**EXERCISE**
Once you reach the line with "Pecera Clásica Infantil" in the material below, copy each line exactly up to and including the line with "прущая мука Гусь-Хрустальный", and skip the pictures.

**RECORDED INFORMATION**

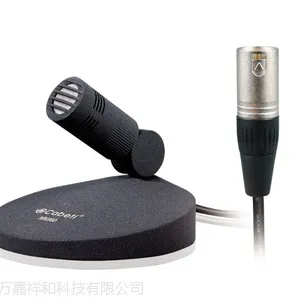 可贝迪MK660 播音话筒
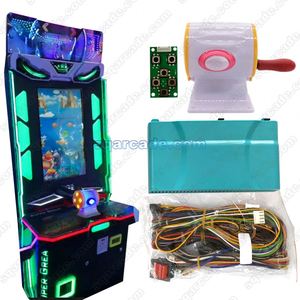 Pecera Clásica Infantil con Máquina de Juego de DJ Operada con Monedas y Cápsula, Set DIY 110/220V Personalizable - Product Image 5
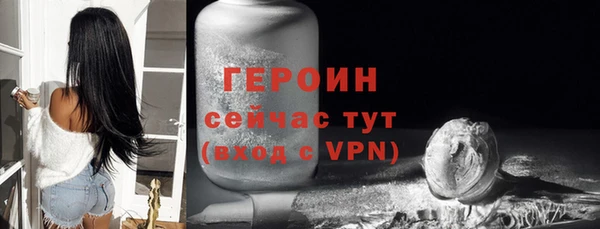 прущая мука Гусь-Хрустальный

==

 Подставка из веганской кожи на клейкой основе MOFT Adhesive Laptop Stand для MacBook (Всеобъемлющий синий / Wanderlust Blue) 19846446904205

* * *

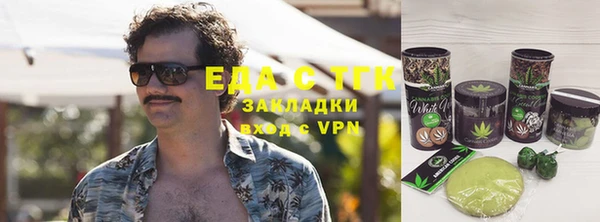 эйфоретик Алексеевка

**OUTPUT FOR THIS EXERCISE**
 Pecera Clásica Infantil con Máquina de Juego de DJ Operada con Monedas y Cápsula, Set DIY 110/220V Personalizable - Product Image 5
 прущая мука Гусь-Хрустальный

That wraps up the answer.